Hitze und Feuersbrünste haben das Leben aus der pulsierenden Metropole vertrieben. Und ein Ende des Grauens ist nicht abzusehen. Es kann noch Wochen so weitergehen. Die russische Bevölkerung leidet. Die große Masse bleibt jedoch still. Wie hat es nur so weit kommen können? Nur wenige stellen der Politik diese Frage.

Klar ist, wäre das Herrschaftssystem nicht so himmelschreiend ineffektiv und zudem komplett verantwortungslos und menschenverachtend, Ausmaß und Auswirkungen der Naturkatastrophe hätten sich eindämmen lassen. Die Dimension der Brände offenbart indes, dass nicht - wie gewöhnlich - nur einzelne Bürokraten versagt haben. Das gesamte autoritär überzentralisierte System Putin erweist sich durch jedwedes Krisenmanagement überfordert, es brennt insgesamt schlicht durch. Buchstäblich.

ist Russland-Korrespondent der taz.

Medienwirksam setzen die gleichgeschalteten TV-Sender den angeblich unermüdlichen Einsatz von Präsident Medwedjew und von Premier Putin in Szene. Und die PR-Politik ist erfolgreich. Denn wo andere Gesellschaften aufbegehrten, verfällt die russische in Schweigen. Sie gibt sich damit zufrieden, dass wenigstens die beiden Oberhirten den Eindruck des Engagiertseins erwecken. Die breite Masse fürchtet, auch sie könnten alles hinschmeißen und damit Volk und Land den Flammen überlassen.

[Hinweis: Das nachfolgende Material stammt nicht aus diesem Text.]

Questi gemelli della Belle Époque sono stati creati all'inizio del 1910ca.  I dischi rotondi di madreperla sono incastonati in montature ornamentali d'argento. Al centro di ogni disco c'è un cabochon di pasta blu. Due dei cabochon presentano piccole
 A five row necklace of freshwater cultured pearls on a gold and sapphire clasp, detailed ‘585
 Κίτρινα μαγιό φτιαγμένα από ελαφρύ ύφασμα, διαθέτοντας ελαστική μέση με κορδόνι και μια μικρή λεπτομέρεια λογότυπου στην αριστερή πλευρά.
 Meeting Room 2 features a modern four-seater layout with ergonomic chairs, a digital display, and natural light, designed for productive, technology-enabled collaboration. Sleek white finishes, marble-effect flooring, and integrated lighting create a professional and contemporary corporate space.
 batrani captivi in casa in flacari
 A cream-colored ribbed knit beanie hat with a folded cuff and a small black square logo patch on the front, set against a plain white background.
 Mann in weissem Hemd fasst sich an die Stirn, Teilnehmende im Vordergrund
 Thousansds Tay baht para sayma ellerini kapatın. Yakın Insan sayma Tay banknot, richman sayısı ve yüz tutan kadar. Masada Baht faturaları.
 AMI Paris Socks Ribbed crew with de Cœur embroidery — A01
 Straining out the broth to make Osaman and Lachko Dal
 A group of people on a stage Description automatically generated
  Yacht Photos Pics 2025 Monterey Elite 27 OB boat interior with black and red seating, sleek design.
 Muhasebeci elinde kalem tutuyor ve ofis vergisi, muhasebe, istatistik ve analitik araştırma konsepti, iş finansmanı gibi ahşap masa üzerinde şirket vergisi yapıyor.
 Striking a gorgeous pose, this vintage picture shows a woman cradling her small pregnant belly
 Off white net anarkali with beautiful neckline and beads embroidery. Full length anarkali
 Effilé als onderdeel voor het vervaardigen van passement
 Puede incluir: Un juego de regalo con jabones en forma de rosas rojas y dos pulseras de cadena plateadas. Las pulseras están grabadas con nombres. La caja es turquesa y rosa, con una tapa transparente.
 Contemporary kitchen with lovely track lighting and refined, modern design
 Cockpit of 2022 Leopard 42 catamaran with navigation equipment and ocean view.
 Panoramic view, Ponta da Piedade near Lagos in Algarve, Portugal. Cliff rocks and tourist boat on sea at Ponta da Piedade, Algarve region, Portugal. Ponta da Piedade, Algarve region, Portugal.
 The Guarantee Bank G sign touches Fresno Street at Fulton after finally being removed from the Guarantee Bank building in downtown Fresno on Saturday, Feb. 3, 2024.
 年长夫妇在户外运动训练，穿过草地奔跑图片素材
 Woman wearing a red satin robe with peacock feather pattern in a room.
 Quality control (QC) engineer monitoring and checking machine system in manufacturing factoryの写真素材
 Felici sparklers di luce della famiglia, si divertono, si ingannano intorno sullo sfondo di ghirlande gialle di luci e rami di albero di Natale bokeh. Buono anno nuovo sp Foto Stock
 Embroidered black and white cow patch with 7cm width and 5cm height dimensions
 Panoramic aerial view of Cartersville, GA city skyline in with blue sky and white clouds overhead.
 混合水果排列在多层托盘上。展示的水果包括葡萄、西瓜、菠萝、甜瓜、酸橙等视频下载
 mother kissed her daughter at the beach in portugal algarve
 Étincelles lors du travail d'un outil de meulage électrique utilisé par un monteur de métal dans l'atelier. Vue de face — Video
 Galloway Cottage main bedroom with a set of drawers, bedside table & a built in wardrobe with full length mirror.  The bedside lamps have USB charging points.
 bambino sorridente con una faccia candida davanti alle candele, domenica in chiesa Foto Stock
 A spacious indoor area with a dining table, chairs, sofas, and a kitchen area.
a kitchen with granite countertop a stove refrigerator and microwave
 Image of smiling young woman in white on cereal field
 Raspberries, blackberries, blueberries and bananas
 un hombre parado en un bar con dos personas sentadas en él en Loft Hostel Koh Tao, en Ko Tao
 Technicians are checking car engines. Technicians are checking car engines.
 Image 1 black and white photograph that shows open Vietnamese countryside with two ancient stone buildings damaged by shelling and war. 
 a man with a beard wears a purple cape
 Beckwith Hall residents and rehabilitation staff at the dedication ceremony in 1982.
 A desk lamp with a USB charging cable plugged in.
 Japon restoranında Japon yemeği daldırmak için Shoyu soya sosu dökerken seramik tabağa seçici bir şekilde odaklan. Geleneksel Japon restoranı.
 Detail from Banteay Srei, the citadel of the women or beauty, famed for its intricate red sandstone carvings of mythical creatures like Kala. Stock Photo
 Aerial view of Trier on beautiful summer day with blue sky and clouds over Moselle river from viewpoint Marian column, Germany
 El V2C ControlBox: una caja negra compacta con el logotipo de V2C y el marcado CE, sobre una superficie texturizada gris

Politische Alternativen existieren nicht. Das System Putin hat sie schon vor dem Großbrand gerodet. So wie es auch das Ökologieministerium auflöste und es dem Ministerium für Naturressourcen zuschlug. Für den Erhalt des Waldes war nun zuständig, wer ihn abholzt. Das Fehlen von Gewaltenteilung ist Russlands Problem.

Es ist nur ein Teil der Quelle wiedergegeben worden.